Comment author: Eliezer_Yudkowsky 19 June 2014 11:16:13PM 5 points [-]

The problem is when you want to work with a young AI where the condition on which the utility function depends lies in the young AI's decision-theoretic future. I.e. the AI is supposed to update on the value of an input field controlled by the programmers, but this input field (or even abstractions behind it like "the programmers' current intentions", should the AI already be mature enough to understand that) are things which can be affected by the AI. If the AI is not already very sophisticated, like more sophisticated than anyone presently has any good idea how to formally talk about, then in the process of building it, we'll want to do "error correction" type things that the AI should accept even though we can't yet state formally how they're info about an event outside of the programmers and AI which neither can affect.

Roughly, the answer is: "That True Utility Function thing only works if the AI doesn't think anything it can do affects the thing you defined as the True Utility Function. Defining something like that safely would represent a very advanced stage of maturity in the AI. For a young AI it's much easier to talk about the value of an input field.

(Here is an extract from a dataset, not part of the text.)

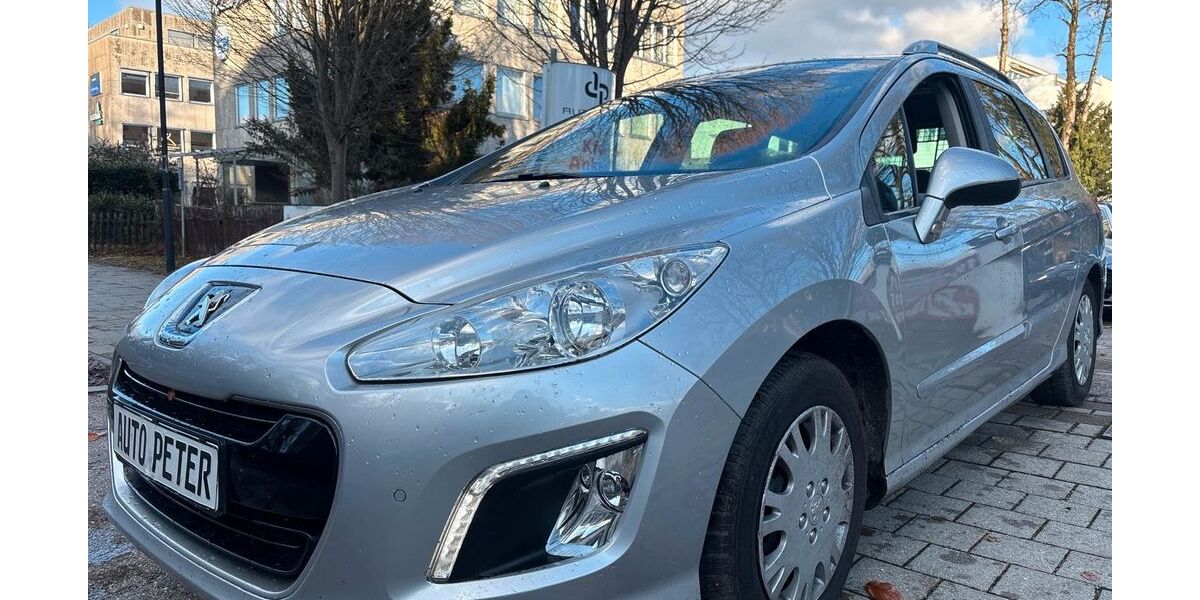 Peugeot 308 134.400 km 5.900 &euro; Riemerling 85521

Then we don't want the AI trying to affect this input field. Armstrong's trick is trying to make the AI with an easily describable input field have some of the same desirable properties as a much-harder-to-describe-at-our-present-stage-of-knowledge AI that has the true, safe, non-perversely-instantiable definition of how to learn about the True Utility Function."

Comment author: [deleted] 20 June 2014 07:07:02AM 2 points [-]

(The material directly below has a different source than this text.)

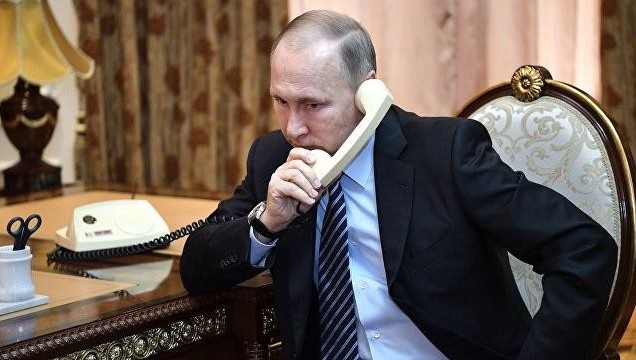 Президент США Дональд Трамп и глава РФ Владимир Путин провели телефонный разговор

Right, ok, that's actually substantially clearer after a night's sleep.

One more question, semi-relevant: how is the decision-theoretic future different from the actual future?

Comment author: Eliezer_Yudkowsky 21 June 2014 01:57:45AM 10 points [-]

The actual future is your causal future, your future light cone. Your decision-theoretic future is anything that logically depends on the output of your decision function.

Comment author: ciphergoth 21 June 2014 09:04:15AM 3 points [-]

This seems like a very useful idea - thanks!